ДСО «Смена», «Кировец» и «Динамо» проводили в городе военно-физкультурные вечера с выступлениями и наших школьных акробатов и гимнастов. Вообще, по военно-физкультурной подготовке магаданская средняя школа № 1 была одной из первых на Колыме. По данным магаданского краеведа и историка народного образования на Колыме, заслуженного учителя школы РФ Давида Райзмана, при общей численности учащихся в 1145 человек (1945 год) по военно-физкультурной подготовке в нашей школе были аттестованы все, из них успевающих было 1143 человека, а с оценкой «5» и «4» – 988 человек.
Я во всех этих соревнованиях и мероприятиях участвовал, так как в ДСО «Кировец» их планировала и ими руководила моя мама, инструктор по физкультуре и спортивный судья Анна Дмитриевна Розанова.

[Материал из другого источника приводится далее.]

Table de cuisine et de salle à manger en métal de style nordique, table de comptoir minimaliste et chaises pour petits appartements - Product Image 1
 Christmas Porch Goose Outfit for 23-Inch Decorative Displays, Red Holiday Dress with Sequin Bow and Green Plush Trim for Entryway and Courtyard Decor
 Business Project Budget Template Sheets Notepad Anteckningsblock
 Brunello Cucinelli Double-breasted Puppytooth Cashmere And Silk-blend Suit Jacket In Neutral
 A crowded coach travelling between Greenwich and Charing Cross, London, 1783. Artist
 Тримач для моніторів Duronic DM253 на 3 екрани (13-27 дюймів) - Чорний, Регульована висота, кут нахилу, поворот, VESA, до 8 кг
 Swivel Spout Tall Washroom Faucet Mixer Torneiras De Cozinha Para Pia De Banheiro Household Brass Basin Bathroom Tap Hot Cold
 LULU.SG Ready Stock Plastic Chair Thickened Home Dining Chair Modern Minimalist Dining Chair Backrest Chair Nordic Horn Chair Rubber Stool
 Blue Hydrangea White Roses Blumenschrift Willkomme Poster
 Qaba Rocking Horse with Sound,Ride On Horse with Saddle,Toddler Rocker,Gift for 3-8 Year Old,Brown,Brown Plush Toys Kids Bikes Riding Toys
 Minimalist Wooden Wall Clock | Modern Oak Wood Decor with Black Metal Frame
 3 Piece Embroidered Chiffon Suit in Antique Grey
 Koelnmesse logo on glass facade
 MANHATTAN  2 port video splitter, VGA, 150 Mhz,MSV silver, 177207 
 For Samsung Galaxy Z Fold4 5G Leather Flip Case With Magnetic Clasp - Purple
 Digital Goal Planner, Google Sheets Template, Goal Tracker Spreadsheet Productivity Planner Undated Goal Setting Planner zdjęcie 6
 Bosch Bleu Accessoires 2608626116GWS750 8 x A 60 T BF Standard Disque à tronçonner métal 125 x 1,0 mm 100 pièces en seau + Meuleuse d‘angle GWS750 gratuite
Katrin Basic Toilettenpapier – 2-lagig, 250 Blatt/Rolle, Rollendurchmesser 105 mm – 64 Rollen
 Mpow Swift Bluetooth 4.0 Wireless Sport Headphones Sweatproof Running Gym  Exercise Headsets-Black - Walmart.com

И вся магаданская средняя школа № 1 была готова к труду и обороне!
Русский язык, литература и Сара Соломоновна
В пятом классе было хорошо поставлено обучение русскому языку и литературе. Учительницей была Сара Соломоновна Хазанович, довольно пожилая и несчастная женщина. Муж её погиб в лагерях, его задавило упавшим деревом на лесоповале. Сын был убит или без вести пропал на фронте. Где он, она не знала, и очень боялась, что он в немецком плену.
Хотя Сара Соломоновна частенько болела, и директриса её за это не любила, но ценила как хорошего учителя. Каждую неделю было по 7 уроков русского языка и три урока литературы. Мы не только учились правильно читать и писать, но и получали некоторые знания по теории литературы – изучали сравнения и повторы, метафоры и гиперболы, эпитеты и другие изобразительные средства русской литературы, выписывали пословицы и поговорки, рисовали картинки к литературным произведениям и даже сами пытались сочинять маленькие сказки и пьески. В какой московской школе сегодня так преподают?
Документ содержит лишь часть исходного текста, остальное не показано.